11. Starlight Intensity Graph

12. Visible Light: Ultraviolet Light:

13. Galaxy M81: The following image shows Galaxy M81 taken at a wavelength that shows radio emissions from neutral hydrogen. The most intense radiation is red and the least intense is blue. Scientists learn very important information about the structure and dynamics of clouds of dust and hydrogen around stars. Scientists use an extremely powerful technique to study objects in space. They combine information from several widely different wavelengths.

14. Studying Stars, continued • Spectral lines reveal the composition of stars. • The spectra of most stars have dark lines caused by gases in the outer layers that absorb light at that wavelength. • Each element produces a unique pattern of spectral lines. • Astronomers can match the dark lines in starlight to the known lines of elements found on Earth.

15. The Life Cycle of Stars • What natural cycles do stars go through? • In a way that is similar to other natural cycles, stars are born, go through various stages of development, and eventually die. • The sun formed from a cloud of gas and dust. • The sun formed about 5 billion years ago. • The sun was “born” when the process of fusion began in the core.

16. The Life Cycle of Stars, continued • The sun has a balance of inward and outward forces. • The fusion reactions in the core of the sun produce an outward force that balances the inward force due to gravity. • Over time, the percentage of the sun’s core that is helium becomes larger. • Scientists estimate that the sun can continue nuclear fusion for another 5 billion years.

17. The Life Cycle of Stars, continued • The sun will become a red giant before it dies. • As fusion slows, the outer layers of the sun will expand. • The sun will become a red giant. • red giant:a large, reddish star late in its life cycle • When the sun runs out of helium, the outer layers will expand and eventually leave the sun’s orbit. • The sun will become a white dwarf. • white dwarf:a small, hot dim star that is the leftover center of an old star

18. The Life Cycle of Stars, continued • Supergiant stars explode in supernovas. • Massive stars evolve faster, develop hotter cores, and create heavier elements through fusion. • The formation of an iron core signals the beginning of a supergiant’s death. • Eventually the core collapses and then explodes in a supernova. • supernova:a gigantic explosion in which a massive star collapses and throws its outer layers into space, plural supernovae

19. The Life Cycle of Stars, continued • Some supernovas form neutron stars and black holes. • If the core that remains after a supernova has a mass of 1.4 to 3 solar masses, the remnant can become a neutron star. • If the leftover core has a mass that is greater than three solar masses, it will collapse to form a black hole. • black hole:an object so massive and dense that not even light can escape its gravity

20. The Life Cycle of Stars, continued • The H-R diagram shows how stars evolve. • The vertical line on an H-R diagram indicates brightness in absolute magnitude. • The horizontal line on the H-R diagram indicates temperature. • Most stars appear in a diagonal line called the main sequence. • As stars age and pass through different stages, their positions on the H-R diagram change. • The sun is currently a main-sequence star. • http://www.youtube.com/watch?v=846-lVjLz1w&feature=related#watch-main-area

23. Life of a Star:

24. H-R Diagram

25. Visual Concept: Types of Stars

26. Question: • What process is the source of a star’s energy? A. Nuclear Fission B. Convection C. Radiation D. Nuclear Fusion

27. Key Ideas • How are stars formed? • How can we learn about stars if they are so far away? • What natural cycles do stars go through?

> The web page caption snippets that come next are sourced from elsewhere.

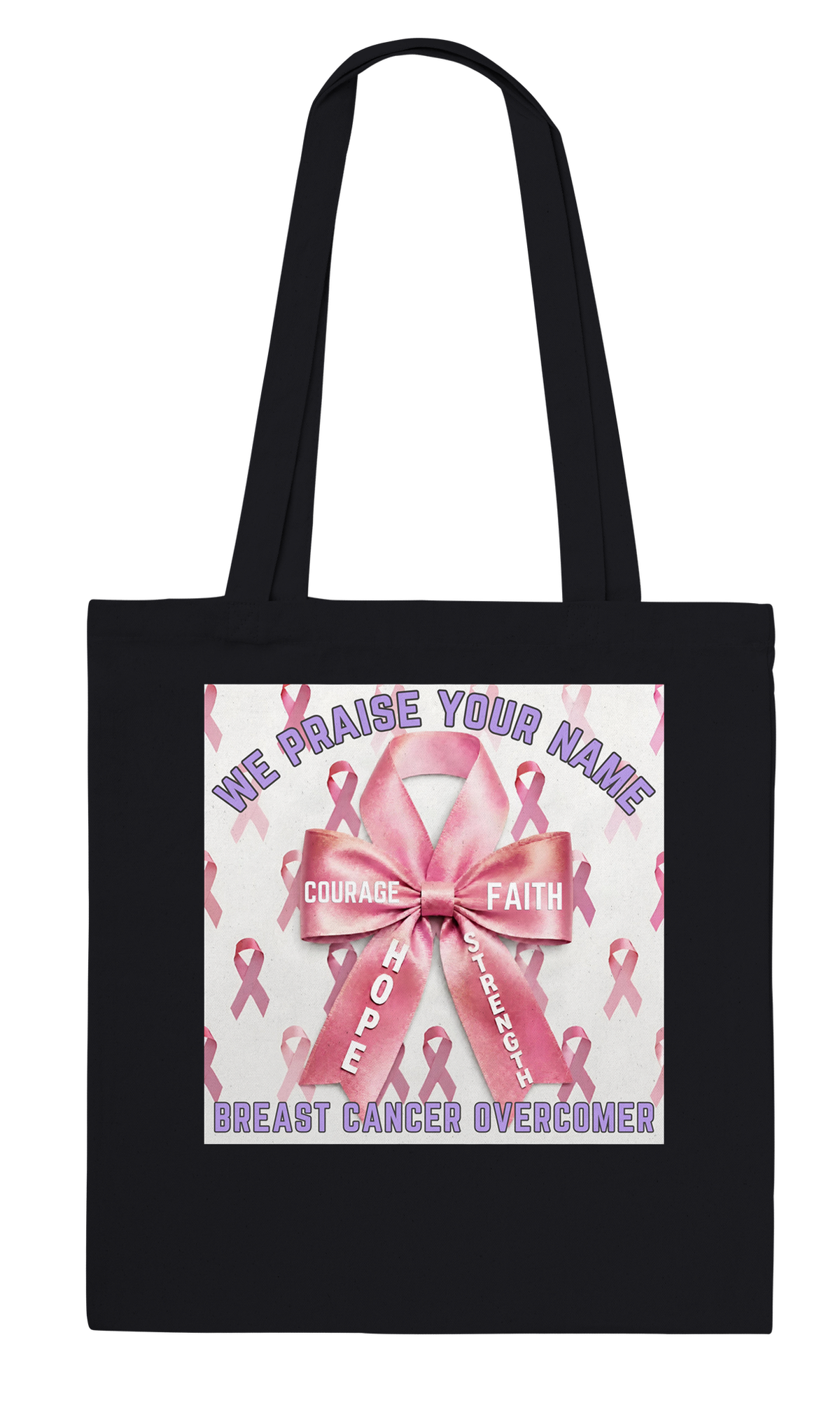 TOTE BAG - WE PRAISE YOUR NAME (Breast Cancer Overcomer Edition) 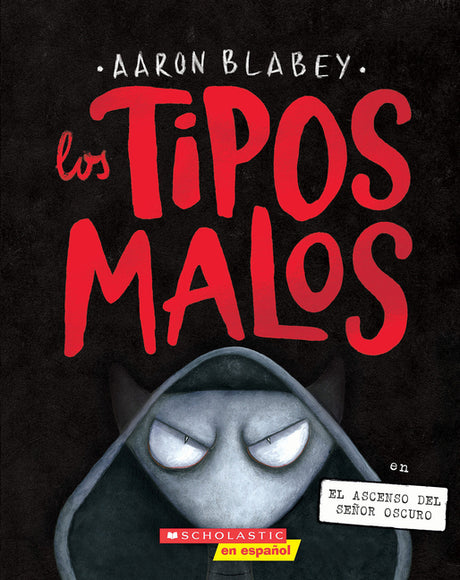 Los Tipos Malos En El Ascenso del Señor Oscuro (the Bad Guys in Dawn of the Underlord): Volume 11 -- Aaron Blabey, Paperback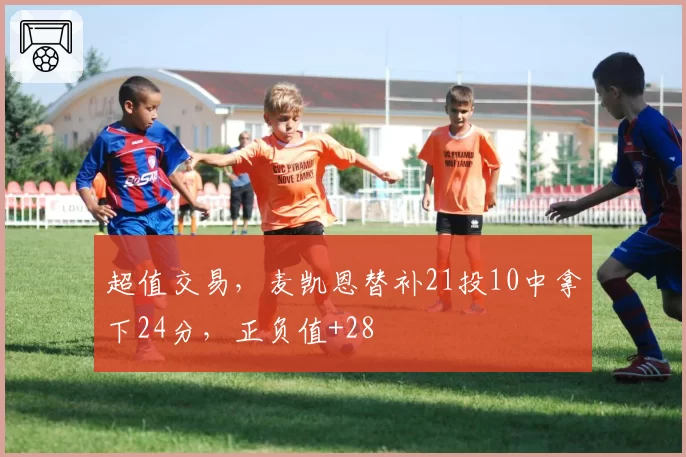 超值交易,麦凯恩替补21投10中拿下24分,正负值+28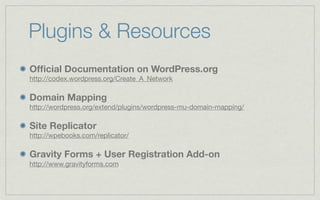 Plugins & Resources
Ofﬁcial Documentation on WordPress.org
http://codex.wordpress.org/Create_A_Network

Domain Mapping
http://wordpress.org/extend/plugins/wordpress-mu-domain-mapping/

Site Replicator
http://wpebooks.com/replicator/

Gravity Forms + User Registration Add-on
http://www.gravityforms.com
 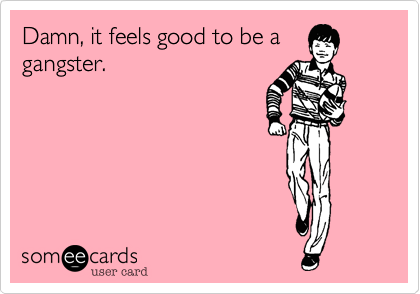 Damn, it feels good to be a
gangster.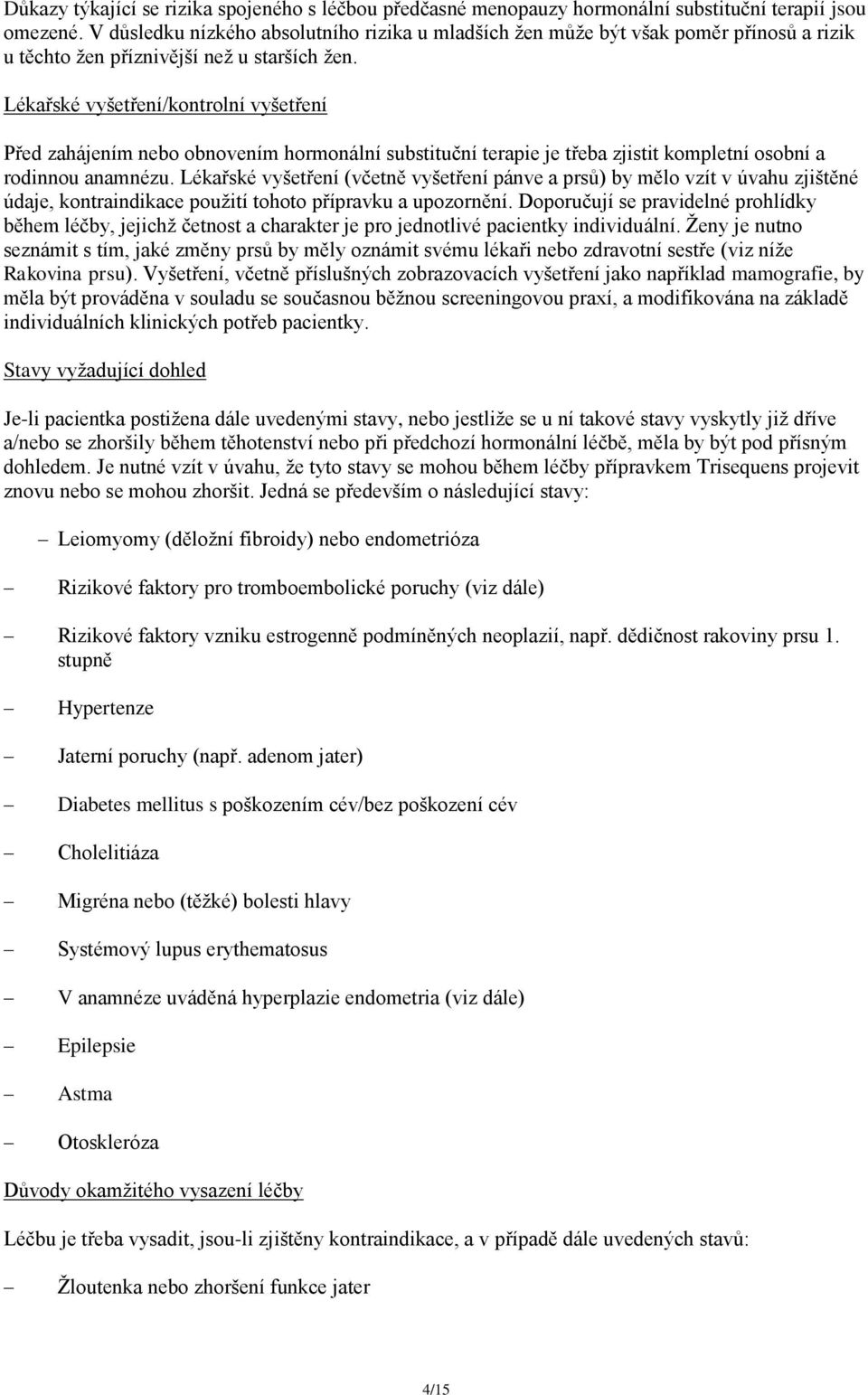 Lékařské vyšetření/kontrolní vyšetření Před zahájením nebo obnovením hormonální substituční terapie je třeba zjistit kompletní osobní a rodinnou anamnézu.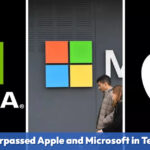 How Nvidia Surpassed Apple and Microsoft in Tech Dominance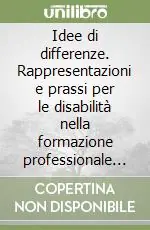 Idee di differenze. Rappresentazioni e prassi per le disabilità nella formazione professionale di Bergamo e Provincia Promozione Esclusiva
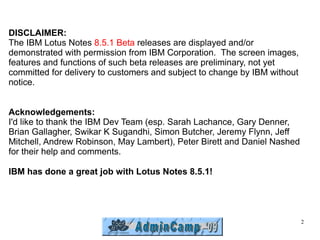 DISCLAIMER:
The IBM Lotus Notes 8.5.1 Beta releases are displayed and/or
demonstrated with permission from IBM Corporation. The screen images,
features and functions of such beta releases are preliminary, not yet
committed for delivery to customers and subject to change by IBM without
notice.


Acknowledgements:
I'd like to thank the IBM Dev Team (esp. Sarah Lachance, Gary Denner,
Brian Gallagher, Swikar K Sugandhi, Simon Butcher, Jeremy Flynn, Jeff
Mitchell, Andrew Robinson, May Lambert), Peter Birett and Daniel Nashed
for their help and comments.

IBM has done a great job with Lotus Notes 8.5.1!




                                                                           2
 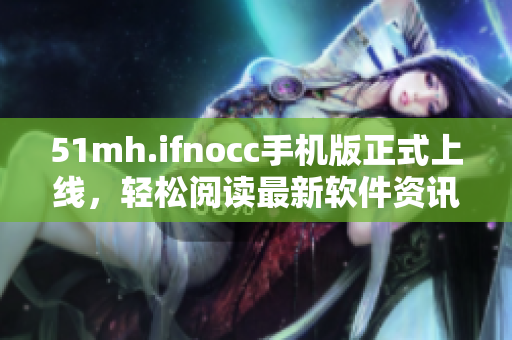51mh.ifnocc手机版正式上线，轻松阅读最新软件资讯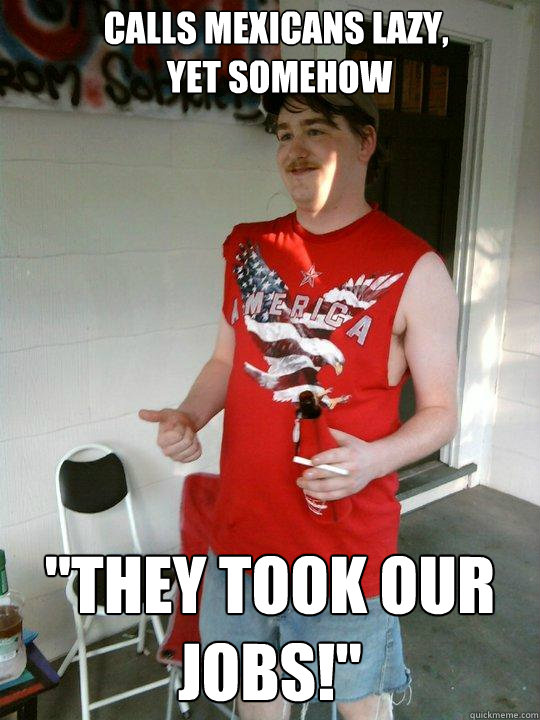 calls mexicans lazy,
 yet somehow 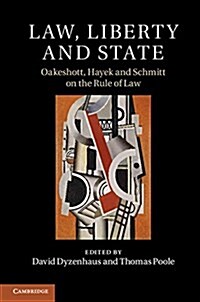 Law, Liberty and State : Oakeshott, Hayek and Schmitt on the Rule of Law (Hardcover)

28. How are stars formed? • Stars are formed from clouds of dust and gas, or nebulas, and go through different stages as they age.

29. How can we learn about stars if they are so far away? • The telescope allowed astronomers to study stars in more detail for the first time.

30. What natural cycles do stars go through? • In a way that is similar to other natural cycles, stars are born, go through various stages of development, and eventually die.